Unfortunately, while managing the former, the film is less clear on the latter. With a narrative that doesn’t fully allow Bundy’s female partner Elizabeth Kloepfer (Lily Collins) to take centre stage. In a film that should have been about her own experience and dark awakening.
However, Berlinger’s choice of Zac Efron as Ted Bundy is inspired, as the role subverts Efron’s own charming, boyish and attractive persona. Something especially astute when considering how Bundy himself played with image, sexuality and charm. The Result a disarming and often uncomfortable viewing experience that takes us to the heart of Bundy’s ability to manipulate and control. While at the same time, demonstrating Bundy’s ability to charm those who accepted him on face value. And its here where Efron gives a career-defining performance; placing Bundy’s personality centre stage and reflecting the complexity of his psychological manipulation and individualistic self-protection. A performance that ultimately steals the film, creating one of its biggest successes while also emphasising its biggest failure; the lack of focus on Bundy’s female partner and her daughter.
Thankfully Extremely Wicked never sinks into horror film territory by showing Bundy’s crimes. And this is to be commended as the film opts to focus on Bundys ability to drive his agenda while snaring people into a trap of perceived innocence. Asking the audience to focus on the personality traits that led many to defend him right up to his conviction.
In this respect, Extremely Wicked succeeds in building a visual study of the complexity and deceit inherent in the man.

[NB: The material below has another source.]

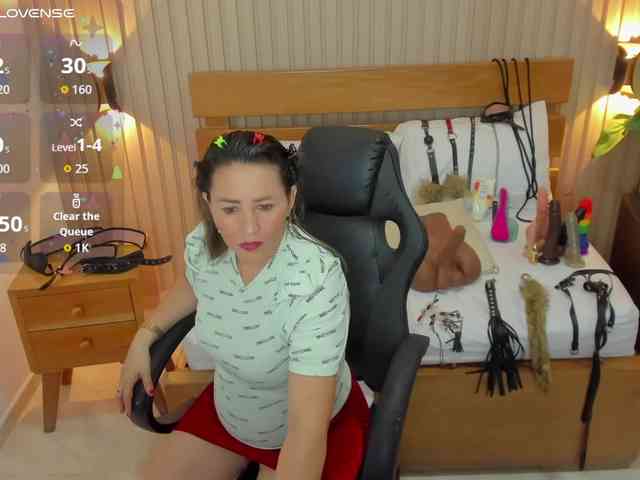 luciana-ballesteros webcam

However, the narrative lets down Elizabeth Kloepfer; sidelining the opportunity to explore the complexity of her love for Bundy. And while we gain glimpses of her journey to enlightenment; this journey is incomplete in structure, emotion and psychological assessment. Once again leaving Bundy in the spotlight.
In conclusion, Extremely Wicked needed a longer running time to fully achieve its vision; balancing Bundys persona against the awakening of Elizabeth. And despite an incredibly strong performance from Efron. Elements are missing in ensuring the reality of Bundy’s crimes and manipulation of others is explored in full.